▶ _Records to use_
──────
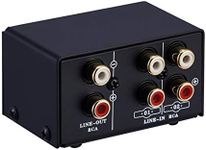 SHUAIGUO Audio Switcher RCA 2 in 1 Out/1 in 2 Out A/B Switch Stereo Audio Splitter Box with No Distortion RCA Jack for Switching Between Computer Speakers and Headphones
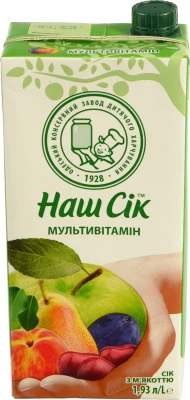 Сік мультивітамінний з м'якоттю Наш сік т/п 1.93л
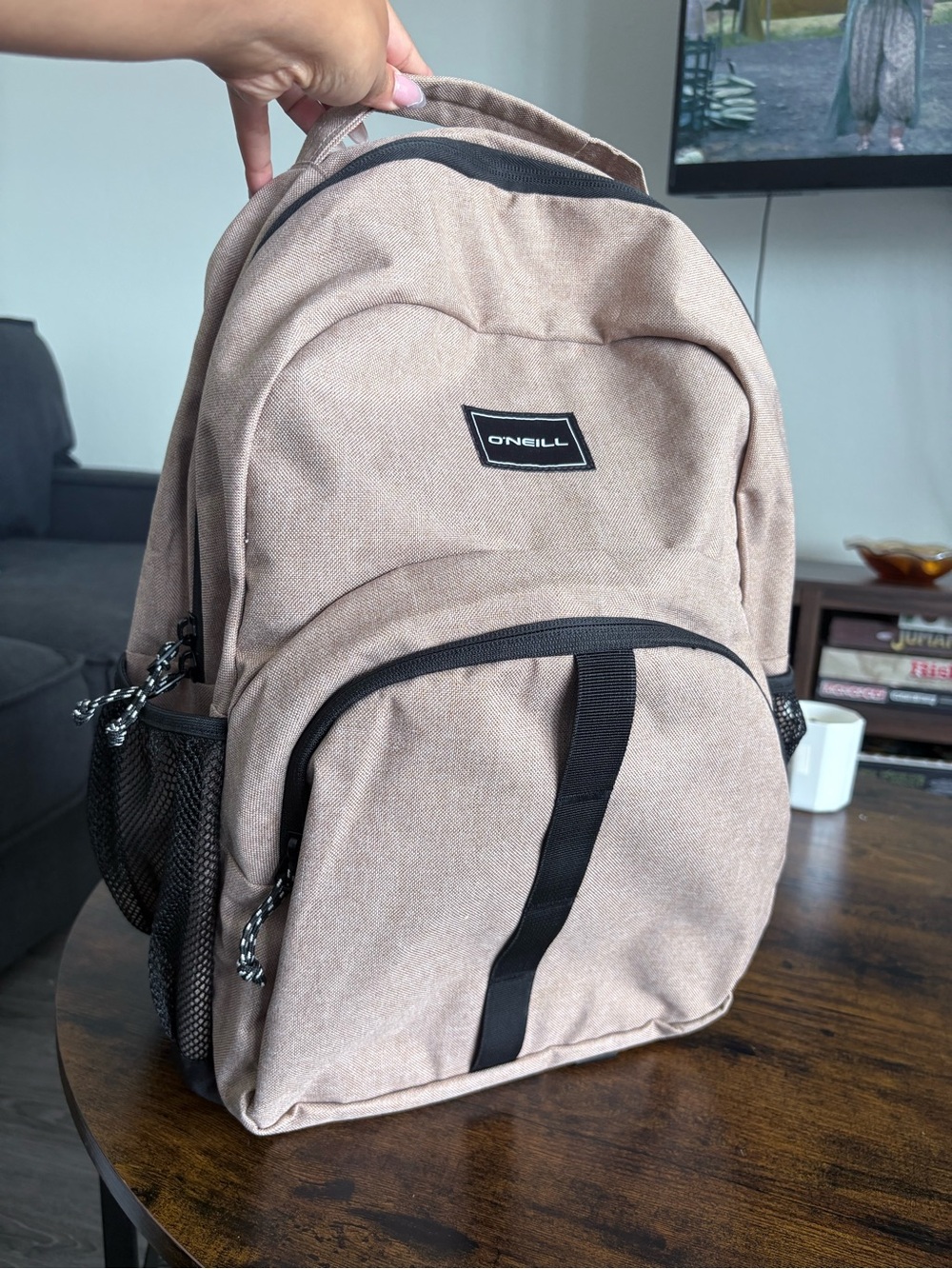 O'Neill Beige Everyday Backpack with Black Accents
──────
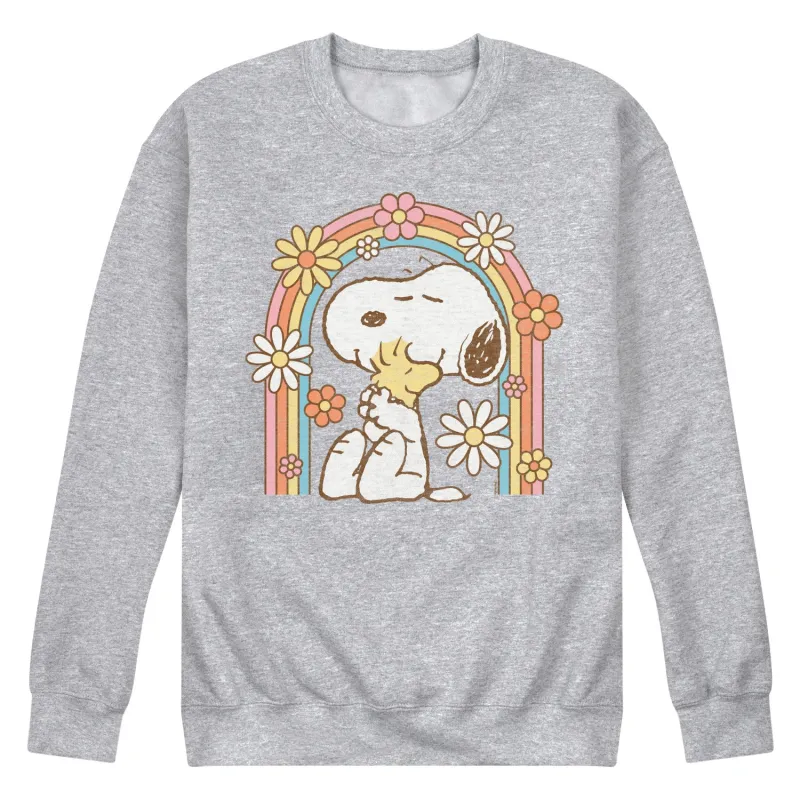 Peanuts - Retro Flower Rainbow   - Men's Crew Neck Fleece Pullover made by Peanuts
──────
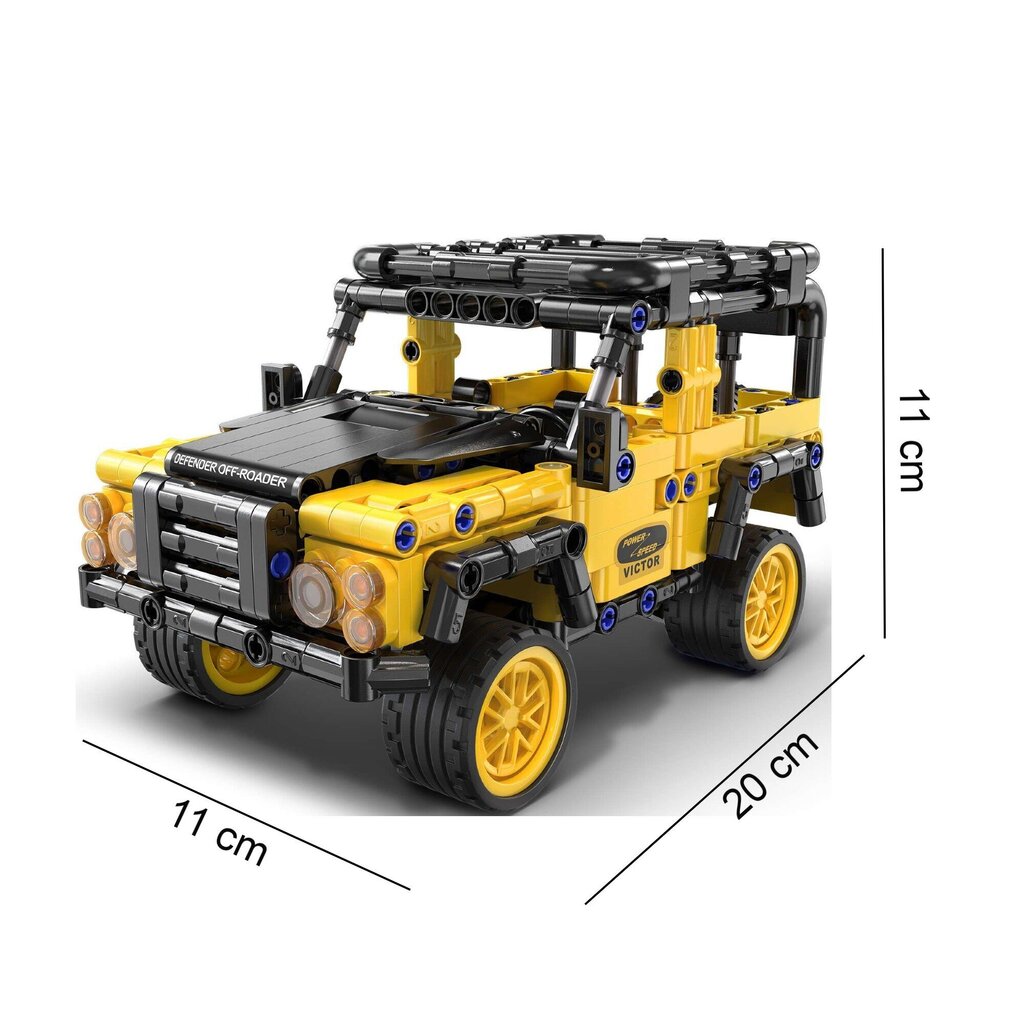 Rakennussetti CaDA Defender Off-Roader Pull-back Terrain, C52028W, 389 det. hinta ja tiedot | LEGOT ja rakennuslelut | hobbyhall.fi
──────
▶ _Work request_
Using the data above, output the line that has "SHUAIGUO Audio Switcher", the line that has "O'Neill Beige Everyday", and whatever lines fall between, each exactly as it stands and without pictures.

▶ _Result for this task_
 SHUAIGUO Audio Switcher RCA 2 in 1 Out/1 in 2 Out A/B Switch Stereo Audio Splitter Box with No Distortion RCA Jack for Switching Between Computer Speakers and Headphones
 Сік мультивітамінний з м'якоттю Наш сік т/п 1.93л
 O'Neill Beige Everyday Backpack with Black Accents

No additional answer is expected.